You’ll actually follow the same steps as contractors do, but with one caveat — companies are willing to take more chances on a contractor than a full-time employee. They can let contractors go without a second thought, but when it comes to firing a poorly-performing, salaried employee.. HR has to get involved. If you want them to take a chance on you, you’ll need to wow them.

4. Entrepreneur, The Wildcard

Pretend the guy in this stock photo doesn’t have a gun. Unless you subscribe to the John McAffee style of running a business.

This whole time you’ve kept that Mai-Tai pouring in the back of your mind. Aren’t there other options than just these 3 paths through life? Yes, I’ve only listed the most common types of careers. There are companies that work 100% remote, or collaborative collections of freelancers working together on a per-project basis. But maybe you’re only interested in getting to the top, living a jet-set lifestyle of semi-retirement as automated cash just flows in. It’s possible, but you’ll have to hustle impossibly hard to get it.

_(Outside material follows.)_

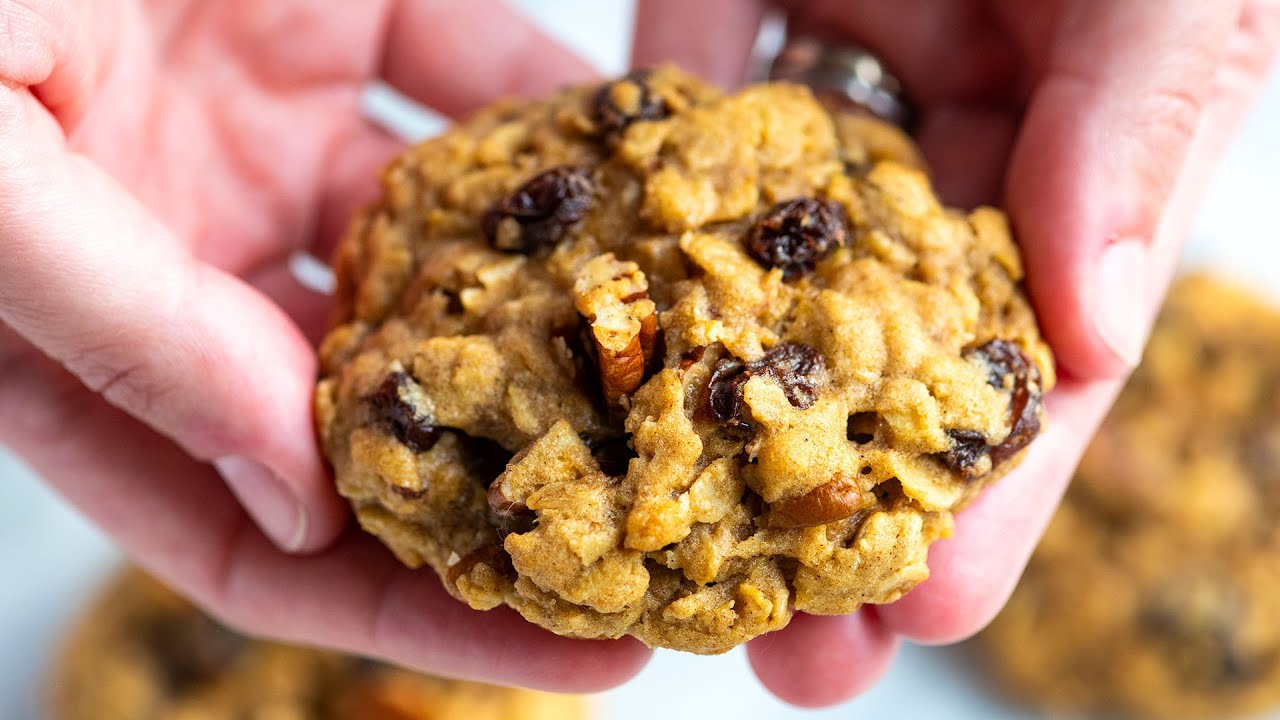 Extra EASY Oatmeal Cookies No mixer, no chill, under 30 minutes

I can’t talk about pro’s and con’s because each entrepreneur’s experience is different from the next, but here are a few points to consider:

  • If you aren’t a business guy, you better be a developer
    * While it’s true that an app like flappy-bird or minecraft can take off and make a fortune, it’s more likely that an app is successful due to a sound business strategy behind it. If you don’t excel at one or the other, you’re going to need to build a team that can cover all the bases
  • Beware the webinars
    * Bootcamps, seminars, life coaches, training camps: All promising business success, all free at first, but eventually they will all try to turn your hype into their profit — sometimes to the tune of thousands of dollars. Sign up for the newsletter to get the free e-book of advice (I do!), but don’t let yourself get suckered into a program that can’t promise any actual results or you might end up embroiled in the next Trump University
  • Try anyway, even if you probably won’t succeed
    * Nothing helps you learn faster or stand out better during an interview than proven ambition. Being able to show side-hustles I’ve worked on and personal projects in my portfolio has helped seal the deal on contracts I’ve worked in the past that I was nowhere near qualified for. And who knows, you might strike it rich!

There are a lot of ways to make a career in web development, hopefully now you know which one you want and how to get started. Happy Coding!